Altogether, in its wide variety of moods the work is a conspectus of the wealth of poetic feelings in the strange, striving, engaging creature who was Alexander Scriabin.

Rene Elvin


  1. Fascinating - thank you so much for this. It's beguiling and irritating playing by turns. And sometimes a really lovely sound is combined with a reading so literal you would wince!

    Many thanks


  2. First - thanks so much for making this recording of my grandfather available. But I must point out that this recording was made at a time when, alas, his final (though I think at that time undiagnosed) ms-like illness had taken hold. My father always said that I shouldn't listen to this recording, despite it having been my grandfather's only commercial release, because it had been done at a time when he suddenly found he could no longer play properly, and was very upset about the whole experience. I don't know where you found the negative comments about his playing before the war; but I can assure you that there were MANY positive opinions as well. Furthermore, I have never heard one negative opinion about him on a human level; he was (apparently - I can barely remember him) a wonderful person in every way. Finally, it was Scriabin who recommended him for what proved to be his only tour of the US, in the early years of the 20th century; so he evidently thought that the young Julius had something special to say in music. Anyway - again many thanks for putting this online. It would be great if you could locate anything of him in his prime... Steven Isserlis

  3. Thank you so much for your comments regarding your Grandfather. I hope the transfer did some justice to his playing - which clearly was still so idiomatic.. Later-on I will clear the remaining few little 'ticks' and make this available as a single .WAV.. I did browse through "The Times" archive - where there were a number of reviews spanning a few decades. Possibly the BBC retained some part of his broadcasts (the schedules appear to contain in-house recordings) especially due to the lack of any commercial activity at that stage.. Perhaps they could be queried in this matter?.. It appears, then, that this was recorded in the early 60s - but I couldn't be totally certain - there being no Stereo release.. Regards. Frank

  4. Hi again, Just re-read your response to my comment about ClickRepair: can I reassure you, there is no drawback or sonic effect. I've tried many declickers, and for music LPs ClickRepair is one of the very best, as well as by far the best value. You'll never look back. Nick

  5. Thank you for making this available: I didn't know Scriabin's set of preludes, but will happily trade the various imperfections here for the lovely sound JI gets from the piano, at least in the less agitated moments, and his involvement in the pieces. He has sold their qualities to me, regardless of fluffs; I'd rather have a pianist with belief & a desire to communicate it, than a perfectionist with nothing to say. And thank you for the clean-up on the LP - I forgot I was listening to vinyl, it is a remarkable job you do.

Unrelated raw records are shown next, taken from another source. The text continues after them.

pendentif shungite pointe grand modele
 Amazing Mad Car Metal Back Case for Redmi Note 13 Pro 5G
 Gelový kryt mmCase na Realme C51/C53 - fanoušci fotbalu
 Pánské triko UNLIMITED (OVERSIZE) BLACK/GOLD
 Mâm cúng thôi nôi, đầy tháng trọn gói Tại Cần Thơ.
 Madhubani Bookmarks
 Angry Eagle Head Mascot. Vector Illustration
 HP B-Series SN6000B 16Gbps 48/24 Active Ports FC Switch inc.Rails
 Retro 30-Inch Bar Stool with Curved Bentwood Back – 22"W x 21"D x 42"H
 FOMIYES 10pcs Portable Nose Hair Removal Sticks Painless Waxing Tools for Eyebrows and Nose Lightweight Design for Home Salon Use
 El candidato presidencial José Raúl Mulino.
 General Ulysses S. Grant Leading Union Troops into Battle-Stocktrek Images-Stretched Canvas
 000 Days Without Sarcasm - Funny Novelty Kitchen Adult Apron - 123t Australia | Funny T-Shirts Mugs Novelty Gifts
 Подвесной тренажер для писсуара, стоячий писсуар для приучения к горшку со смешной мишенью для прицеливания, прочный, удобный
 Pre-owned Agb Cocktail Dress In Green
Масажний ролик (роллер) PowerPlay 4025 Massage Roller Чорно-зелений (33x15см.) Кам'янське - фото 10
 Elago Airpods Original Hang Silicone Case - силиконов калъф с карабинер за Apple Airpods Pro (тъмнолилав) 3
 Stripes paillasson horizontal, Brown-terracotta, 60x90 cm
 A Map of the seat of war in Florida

  6. I suspect you listened via a 'HiFi', as even though I re-edited the files (well over a year back) they likely still wouldn't quite survive very close scrutiny/be as free of 'tiny background defects' as can now be, mostly, eradicated using a different computer/'speakers.

    Isserlis does get a bit flustered/excitable in places - but the performances have quite some charm.

    1. Am just listening again - and via 'different' computer speakers can hear more than a few 'tiny surface noises' that I could now identify/remove: so might 'try again'..though only have the FLAC -as you downloaded..but the piano tone is natural/excellent as mentioned above.